Please restate word for word the lines of the entries below from the one with "NEW SEWN AND" to the one with "EazyDocs Published &", inclusive, and leave out every picture.

-------- Study material

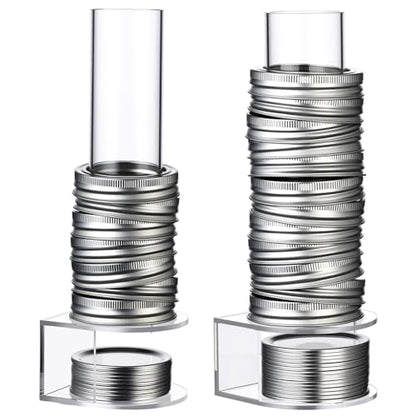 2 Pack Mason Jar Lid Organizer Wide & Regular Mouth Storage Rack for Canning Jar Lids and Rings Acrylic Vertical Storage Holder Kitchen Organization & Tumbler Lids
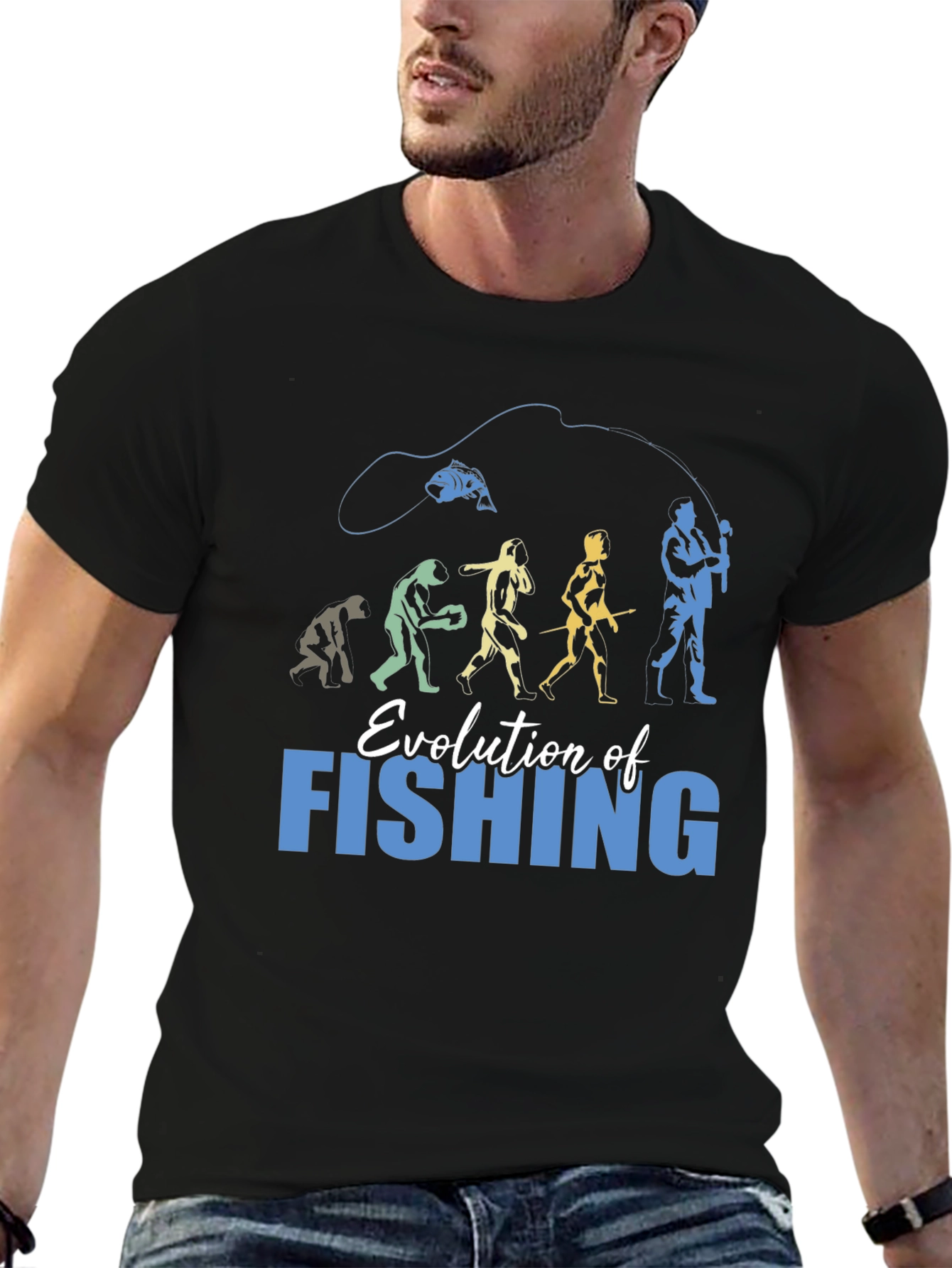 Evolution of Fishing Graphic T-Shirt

----------------
-------- Study material

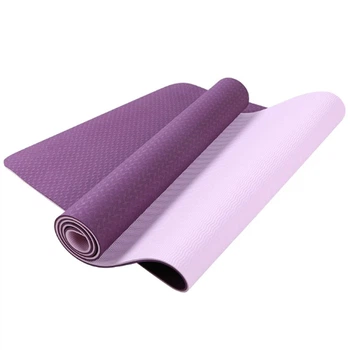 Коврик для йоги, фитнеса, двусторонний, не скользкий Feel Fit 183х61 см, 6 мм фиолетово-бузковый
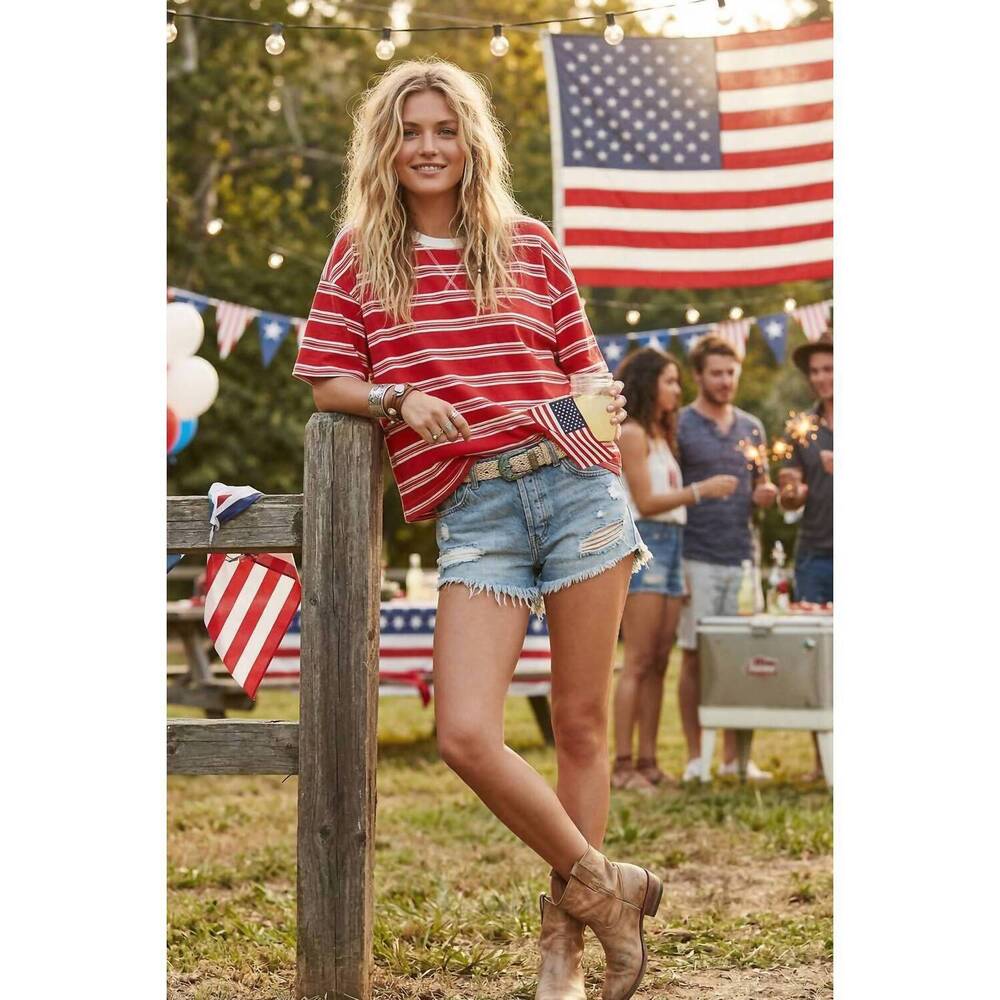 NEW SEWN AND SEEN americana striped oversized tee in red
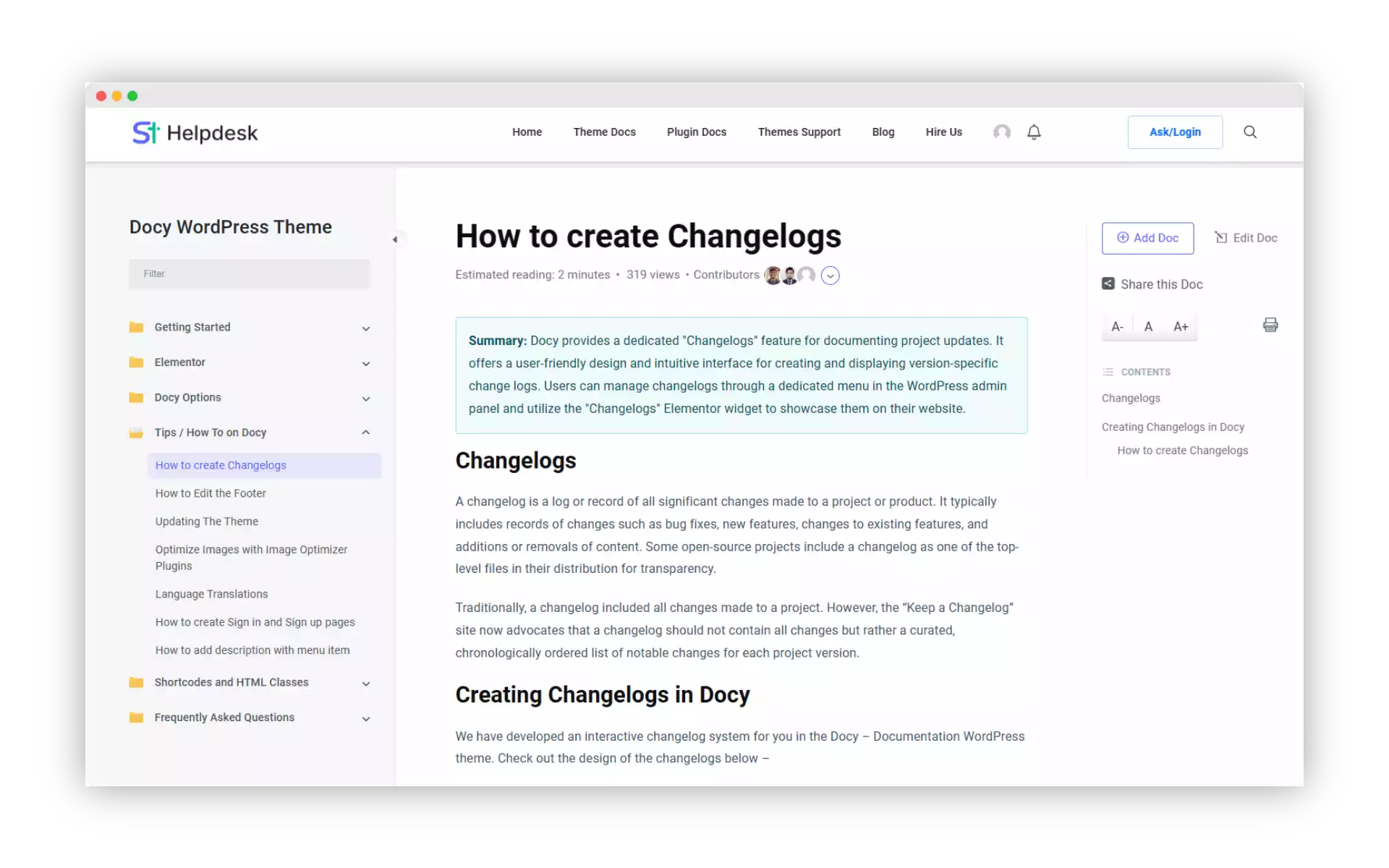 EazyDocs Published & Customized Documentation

----------------

- [Task solution]:
 NEW SEWN AND SEEN americana striped oversized tee in red
 EazyDocs Published & Customized Documentation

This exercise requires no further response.